_THE DATA_:
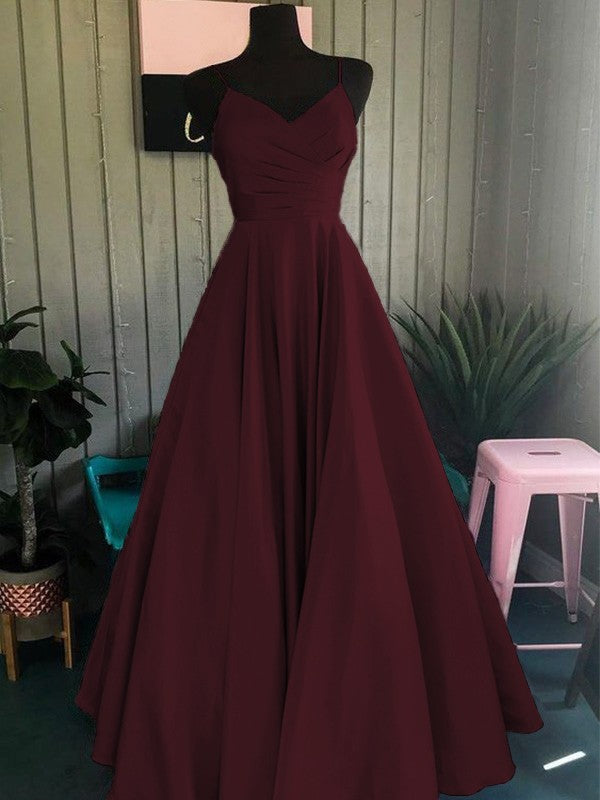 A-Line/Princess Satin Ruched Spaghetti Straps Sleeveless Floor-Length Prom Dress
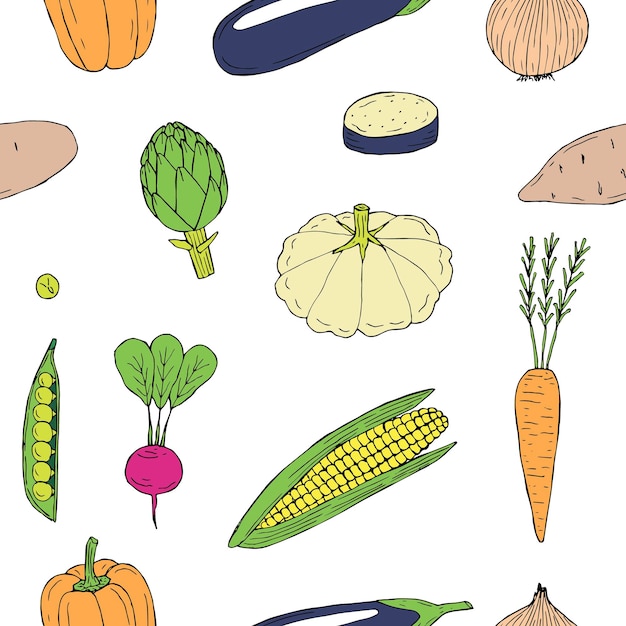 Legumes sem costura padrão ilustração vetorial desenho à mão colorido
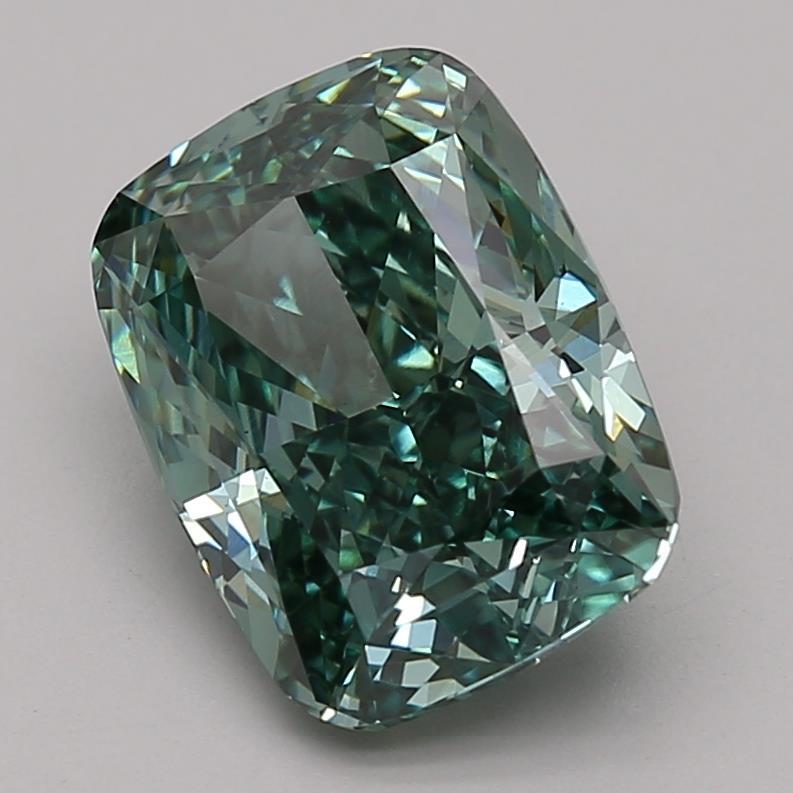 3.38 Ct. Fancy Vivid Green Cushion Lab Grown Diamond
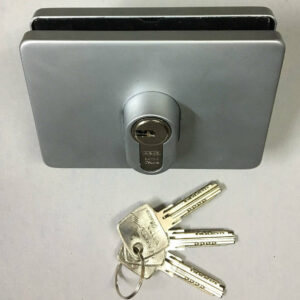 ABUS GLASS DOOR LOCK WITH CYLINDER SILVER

--

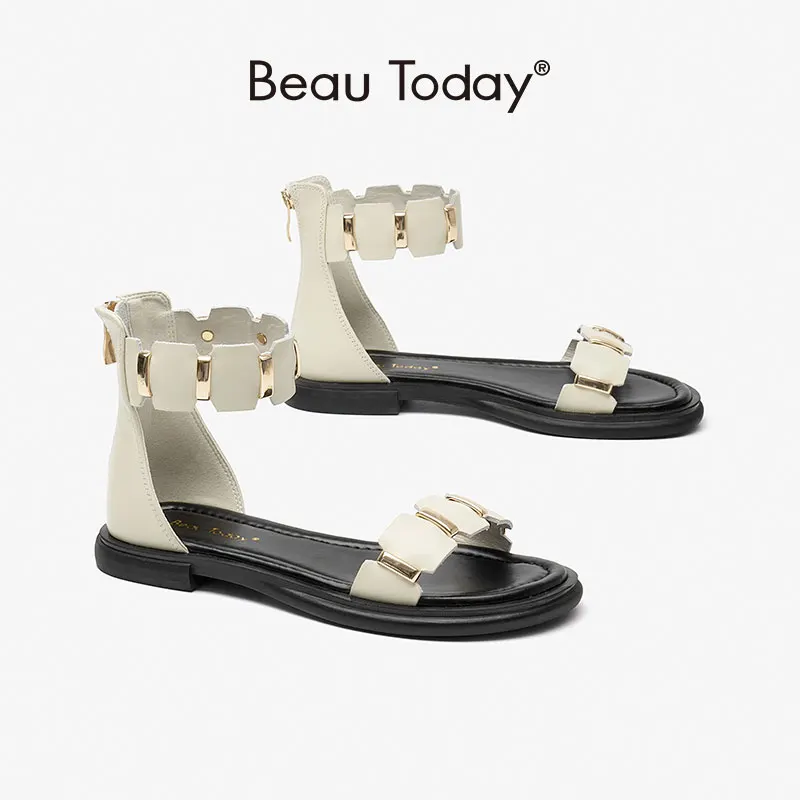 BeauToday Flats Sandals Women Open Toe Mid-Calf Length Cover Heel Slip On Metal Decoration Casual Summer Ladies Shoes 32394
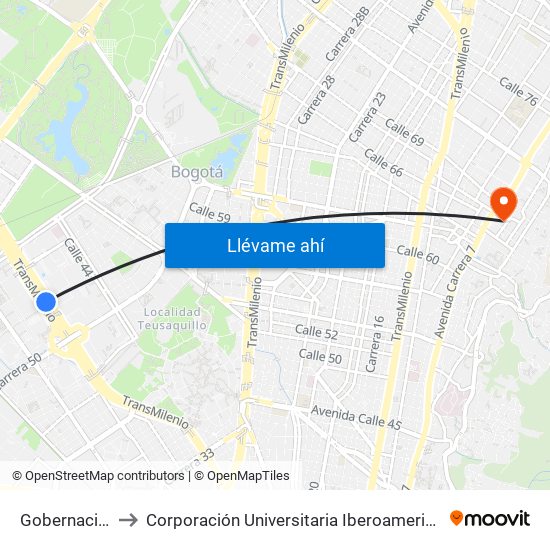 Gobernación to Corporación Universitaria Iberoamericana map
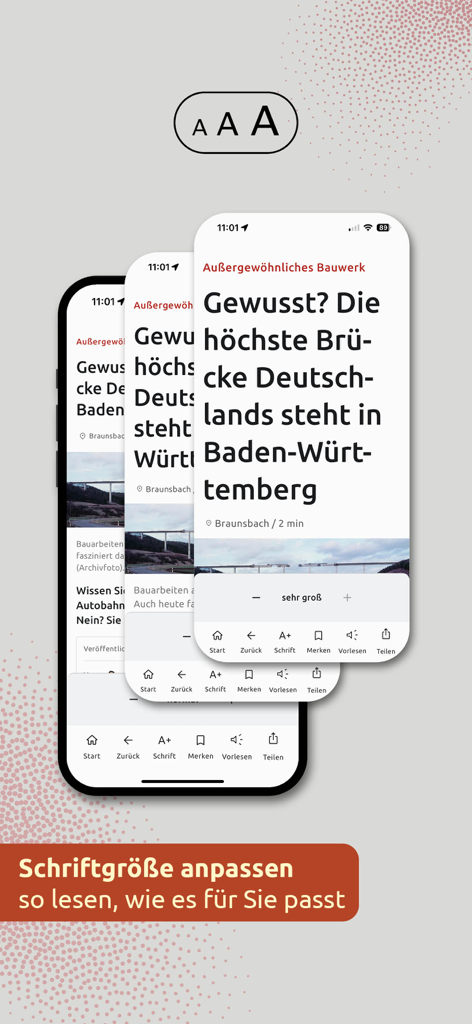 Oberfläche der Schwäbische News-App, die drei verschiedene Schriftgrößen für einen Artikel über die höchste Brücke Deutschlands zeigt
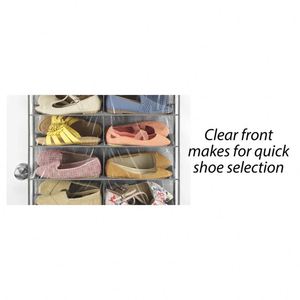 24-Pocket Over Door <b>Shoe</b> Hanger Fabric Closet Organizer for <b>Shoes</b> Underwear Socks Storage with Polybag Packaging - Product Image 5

_EXERCISE_: Transcribe, word for word, the lines of the listing above from the one that contains "A-Line/Princess Satin Ruched" through the one that contains "ABUS GLASS DOOR LOCK WITH CYLINDER SILVER", keeping both ends and dropping the pictures.

_WRITTEN ANSWER_:
 A-Line/Princess Satin Ruched Spaghetti Straps Sleeveless Floor-Length Prom Dress
 Legumes sem costura padrão ilustração vetorial desenho à mão colorido
 3.38 Ct. Fancy Vivid Green Cushion Lab Grown Diamond
 ABUS GLASS DOOR LOCK WITH CYLINDER SILVER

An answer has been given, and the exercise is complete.